GOAL OF THE EXERCISE: Everything in the listing below must be set down again exactly, apart from the pictures.

INPUT DATA:
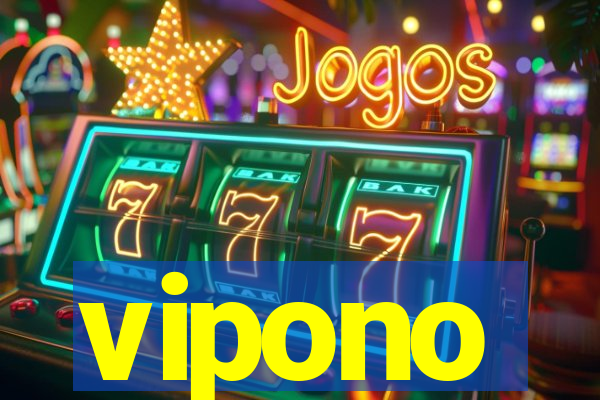 vipono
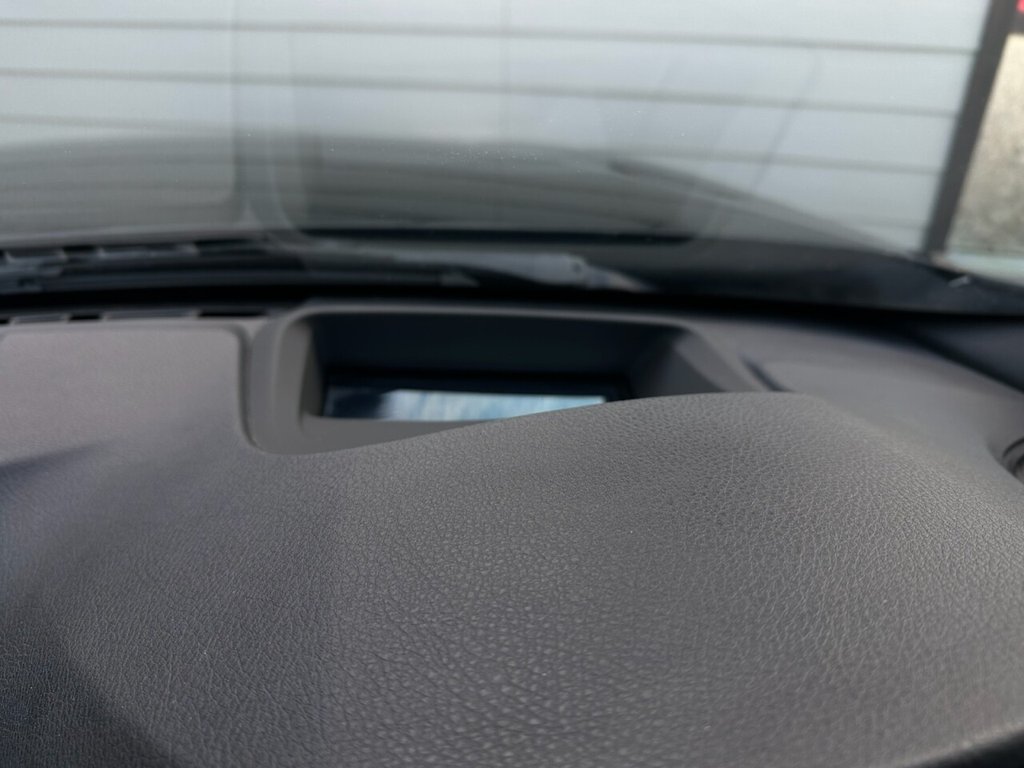 Used BMW 4 Series 2016 for sale - 76617922: Photo 25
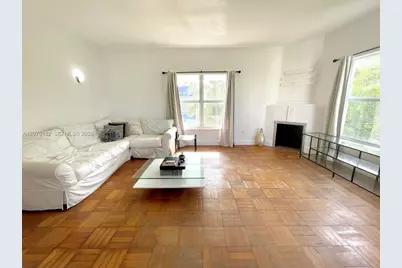 4035 N Meridian Ave #305, Miami Beach, FL 33140 - Photo 6
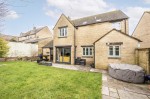 Images for Fallows Road, Northleach, GL54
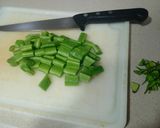 Foto del paso 7 de la receta: Arroz del senyoret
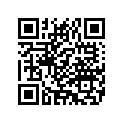 4538483 PIPEBOTTOM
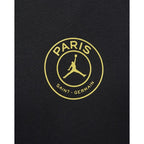 Nike PSG Jordan M sweatshirt FN5326-010 Clothing/Lifestyle Nike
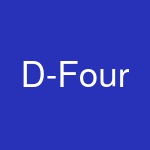 D-Four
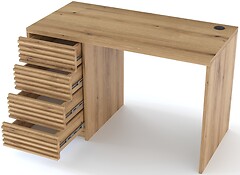 Фото Eltap Bisett (BIU_BISETT_140x60)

RESULT OF THIS EXERCISE:
 vipono
 Used BMW 4 Series 2016 for sale - 76617922: Photo 25
 4035 N Meridian Ave #305, Miami Beach, FL 33140 - Photo 6
 Images for Fallows Road, Northleach, GL54
 Foto del paso 7 de la receta: Arroz del senyoret
 4538483 PIPEBOTTOM
 Nike PSG Jordan M sweatshirt FN5326-010 Clothing/Lifestyle Nike
 D-Four
 Фото Eltap Bisett (BIU_BISETT_140x60)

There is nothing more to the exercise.